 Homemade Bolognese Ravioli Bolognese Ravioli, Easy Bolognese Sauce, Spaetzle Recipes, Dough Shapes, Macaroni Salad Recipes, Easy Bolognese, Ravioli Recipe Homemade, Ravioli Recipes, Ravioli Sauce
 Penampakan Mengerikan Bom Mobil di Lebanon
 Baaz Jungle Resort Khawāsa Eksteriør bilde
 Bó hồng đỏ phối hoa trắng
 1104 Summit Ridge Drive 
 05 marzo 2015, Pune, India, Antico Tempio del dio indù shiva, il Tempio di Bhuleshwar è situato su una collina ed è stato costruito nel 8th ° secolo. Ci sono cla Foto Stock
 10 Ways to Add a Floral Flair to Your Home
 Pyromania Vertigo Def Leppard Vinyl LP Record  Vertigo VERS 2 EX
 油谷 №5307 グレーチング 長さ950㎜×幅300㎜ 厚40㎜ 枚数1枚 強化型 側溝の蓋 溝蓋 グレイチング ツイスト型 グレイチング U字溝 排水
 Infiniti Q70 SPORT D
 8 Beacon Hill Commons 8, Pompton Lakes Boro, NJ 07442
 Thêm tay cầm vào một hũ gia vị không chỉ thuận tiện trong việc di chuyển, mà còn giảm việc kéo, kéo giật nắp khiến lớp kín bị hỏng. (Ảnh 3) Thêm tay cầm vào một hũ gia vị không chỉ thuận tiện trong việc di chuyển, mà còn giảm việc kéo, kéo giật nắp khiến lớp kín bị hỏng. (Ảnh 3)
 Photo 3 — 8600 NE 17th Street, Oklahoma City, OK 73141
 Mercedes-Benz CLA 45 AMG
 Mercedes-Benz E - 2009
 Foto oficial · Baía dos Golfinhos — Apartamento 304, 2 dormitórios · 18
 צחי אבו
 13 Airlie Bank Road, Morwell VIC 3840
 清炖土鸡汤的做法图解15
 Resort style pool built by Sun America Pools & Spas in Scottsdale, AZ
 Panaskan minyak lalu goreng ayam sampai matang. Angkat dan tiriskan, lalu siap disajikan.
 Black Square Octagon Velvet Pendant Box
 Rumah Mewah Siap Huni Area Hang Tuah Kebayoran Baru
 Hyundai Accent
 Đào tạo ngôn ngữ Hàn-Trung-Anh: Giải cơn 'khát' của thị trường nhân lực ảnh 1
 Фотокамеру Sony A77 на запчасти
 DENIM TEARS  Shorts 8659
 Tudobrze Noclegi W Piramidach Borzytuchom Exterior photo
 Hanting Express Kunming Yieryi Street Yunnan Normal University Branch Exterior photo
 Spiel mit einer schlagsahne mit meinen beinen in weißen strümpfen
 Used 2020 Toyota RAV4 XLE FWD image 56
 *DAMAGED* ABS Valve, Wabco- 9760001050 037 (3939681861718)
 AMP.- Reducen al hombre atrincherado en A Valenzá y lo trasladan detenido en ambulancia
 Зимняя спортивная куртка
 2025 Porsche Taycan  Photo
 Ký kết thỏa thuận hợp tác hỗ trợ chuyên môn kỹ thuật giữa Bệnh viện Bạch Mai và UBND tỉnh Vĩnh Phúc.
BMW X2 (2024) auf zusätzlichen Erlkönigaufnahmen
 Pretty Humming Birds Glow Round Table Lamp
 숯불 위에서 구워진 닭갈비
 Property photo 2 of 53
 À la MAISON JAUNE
***
→ EXERCISE PROMPT: Give back the data exactly, with no line dropped.

→ EXERCISE ANSWER:
 Homemade Bolognese Ravioli Bolognese Ravioli, Easy Bolognese Sauce, Spaetzle Recipes, Dough Shapes, Macaroni Salad Recipes, Easy Bolognese, Ravioli Recipe Homemade, Ravioli Recipes, Ravioli Sauce
 Penampakan Mengerikan Bom Mobil di Lebanon
 Baaz Jungle Resort Khawāsa Eksteriør bilde
 Bó hồng đỏ phối hoa trắng
 1104 Summit Ridge Drive 
 05 marzo 2015, Pune, India, Antico Tempio del dio indù shiva, il Tempio di Bhuleshwar è situato su una collina ed è stato costruito nel 8th ° secolo. Ci sono cla Foto Stock
 10 Ways to Add a Floral Flair to Your Home
 Pyromania Vertigo Def Leppard Vinyl LP Record  Vertigo VERS 2 EX
 油谷 №5307 グレーチング 長さ950㎜×幅300㎜ 厚40㎜ 枚数1枚 強化型 側溝の蓋 溝蓋 グレイチング ツイスト型 グレイチング U字溝 排水
 Infiniti Q70 SPORT D
 8 Beacon Hill Commons 8, Pompton Lakes Boro, NJ 07442
 Thêm tay cầm vào một hũ gia vị không chỉ thuận tiện trong việc di chuyển, mà còn giảm việc kéo, kéo giật nắp khiến lớp kín bị hỏng. (Ảnh 3) Thêm tay cầm vào một hũ gia vị không chỉ thuận tiện trong việc di chuyển, mà còn giảm việc kéo, kéo giật nắp khiến lớp kín bị hỏng. (Ảnh 3)
 Photo 3 — 8600 NE 17th Street, Oklahoma City, OK 73141
 Mercedes-Benz CLA 45 AMG
 Mercedes-Benz E - 2009
 Foto oficial · Baía dos Golfinhos — Apartamento 304, 2 dormitórios · 18
 צחי אבו
 13 Airlie Bank Road, Morwell VIC 3840
 清炖土鸡汤的做法图解15
 Resort style pool built by Sun America Pools & Spas in Scottsdale, AZ
 Panaskan minyak lalu goreng ayam sampai matang. Angkat dan tiriskan, lalu siap disajikan.
 Black Square Octagon Velvet Pendant Box
 Rumah Mewah Siap Huni Area Hang Tuah Kebayoran Baru
 Hyundai Accent
 Đào tạo ngôn ngữ Hàn-Trung-Anh: Giải cơn 'khát' của thị trường nhân lực ảnh 1
 Фотокамеру Sony A77 на запчасти
 DENIM TEARS  Shorts 8659
 Tudobrze Noclegi W Piramidach Borzytuchom Exterior photo
 Hanting Express Kunming Yieryi Street Yunnan Normal University Branch Exterior photo
 Spiel mit einer schlagsahne mit meinen beinen in weißen strümpfen
 Used 2020 Toyota RAV4 XLE FWD image 56
 *DAMAGED* ABS Valve, Wabco- 9760001050 037 (3939681861718)
 AMP.- Reducen al hombre atrincherado en A Valenzá y lo trasladan detenido en ambulancia
 Зимняя спортивная куртка
 2025 Porsche Taycan  Photo
 Ký kết thỏa thuận hợp tác hỗ trợ chuyên môn kỹ thuật giữa Bệnh viện Bạch Mai và UBND tỉnh Vĩnh Phúc.
BMW X2 (2024) auf zusätzlichen Erlkönigaufnahmen
 Pretty Humming Birds Glow Round Table Lamp
 숯불 위에서 구워진 닭갈비
 Property photo 2 of 53
 À la MAISON JAUNE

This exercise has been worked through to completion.